Life scientists from UCLA and the University of Bern have identified a key gene in the transmission of African sleeping sickness—a severe disease transmitted by the bite of infected tsetse flies, which are common in sub-Saharan Africa.
The disease is fatal if untreated, as the parasite responsible moves from the bloodstream to the central nervous system. Tens of millions of people in 36 African countries are at risk. There is no vaccine, and conventional drug treatments, which include an arsenic derivative, are antiquated, not very effective, and have severe side effects.
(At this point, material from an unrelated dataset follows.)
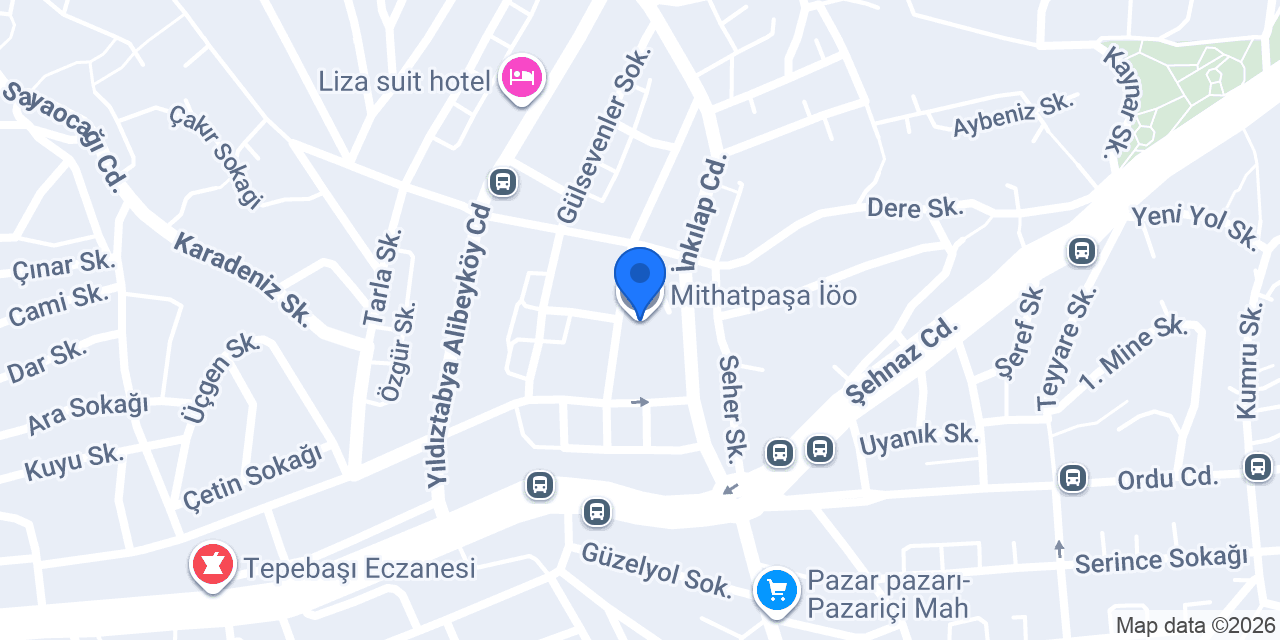 Mithatpaşa İöo konumu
The research, published in the journal Nature Communications, could lead to new approaches to treat the disease. It also provides scientists with the first detailed understanding of how the parasite moves through the fly and what genes enable it to do so.
The tiny, single-celled parasite that causes African sleeping sickness in humans, and debilitating diseases in other mammals, is called Trypanosoma brucei, or T. brucei. To become infectious, the parasite must travel through tissues of the fly, from the midgut to the salivary gland—and then into the human or other animal, through a bite.
In the study, Stephanie DeMarco, a UCLA graduate student in molecular biology, and Sebastian Shaw, a graduate student at Switzerland’s University of Bern, worked with two sets of the T. brucei parasite. In one set, they made a mutation in one of the parasite’s genes, called phosphodiesterase-B1, or PDEB1.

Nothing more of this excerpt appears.